Funny Speculative Urban Fantasy

Uh, hi, my name is Olivia Cee, but I swear that’s not my last name. Everyone’s last name is just a letter of the alphabet, pronounced phonetically. When I say everyone, I mean everyone in the world. I’m recording this because I’m nervous about writing anything down. I’m even worried that this recording will disappear if I make any mistakes. I’ll get to that later.

I've always considered myself a pretty dull person. Getting hit on the head by a small crystal ball six months ago was one interesting thing that happened to me. It caused a concussion, and I woke up in the ER. I remember little about that day because of the injury and because it was during the Unwritten Times. Oh yeah, one of the most interesting things about me is that the world is the way it is because of me.

I woke up this morning to ‘beige’. Beige, gray, greige, taupe, tan... There are similar in-between shades, but none are interesting enough to mention. I still remember bolder, more vivid tones from the Unwritten Times, like black and white, though no one else does, and I've stopped trying to convince them. I’m sure more intense colors exist, though I've forgotten them. Sometimes, I catch a flash of them behind my eyelids when I close my eyes.
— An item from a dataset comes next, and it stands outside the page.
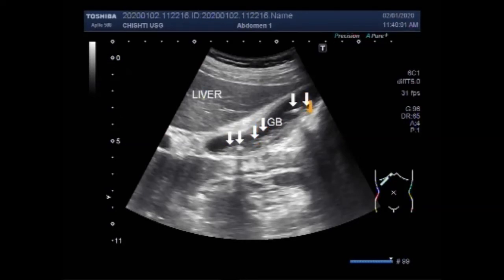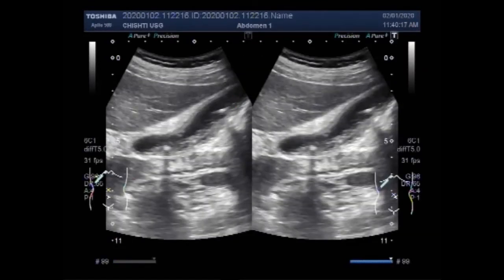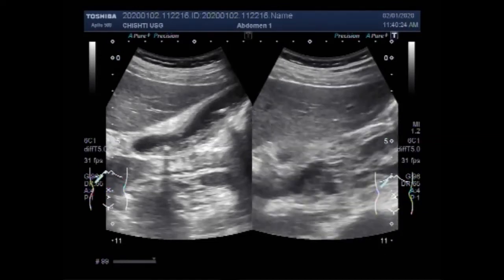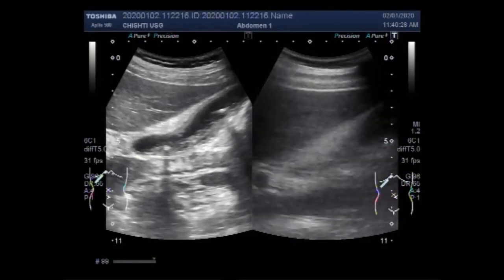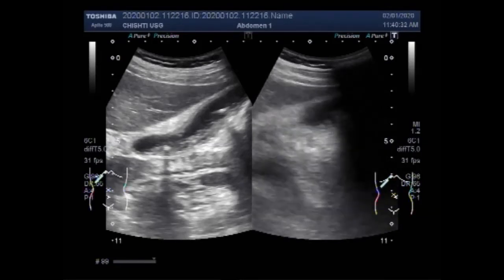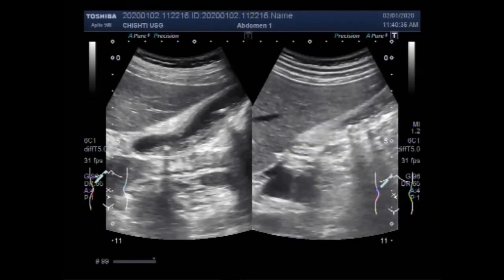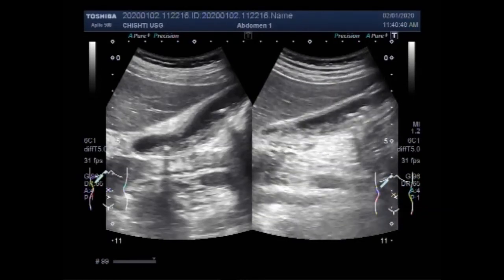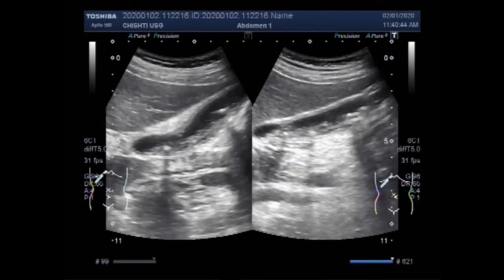The whole length of the gallbladder is filled with thick sludge and multiple small sand particles. Now by changing the posture of the patient to the side-down position, you can see multiple stones — although small stones — along with the small sand particles and thick sludge throughout the whole length of the gallbladder.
My blanket is beige. My walls are gray. I get up and put on a light gray sweatshirt and khakis. I eat my cream-colored nutrition block, which tastes adequate. I brush my teeth, tie my hair into a simple ponytail, and look at myself in the mirror. I remember my face being different before, but I can't remember how. My eyes weren’t this round, and my hair was darker, maybe even black. But black doesn't exist anymore. No one else remembers the Unwritten Times. I made up that name, and just like colors, I've stopped trying to convince anyone that it was real.

I bet you’re wondering why I call the past the Unwritten Times, why I’m afraid to write anything, and how I caused this new era to exist. I’ll tell you what I know—or think. Remember when I mentioned being hit on the head with a crystal ball? I know it happened because I still have it, and nothing like it exists in this world. Believe me, I’ve looked.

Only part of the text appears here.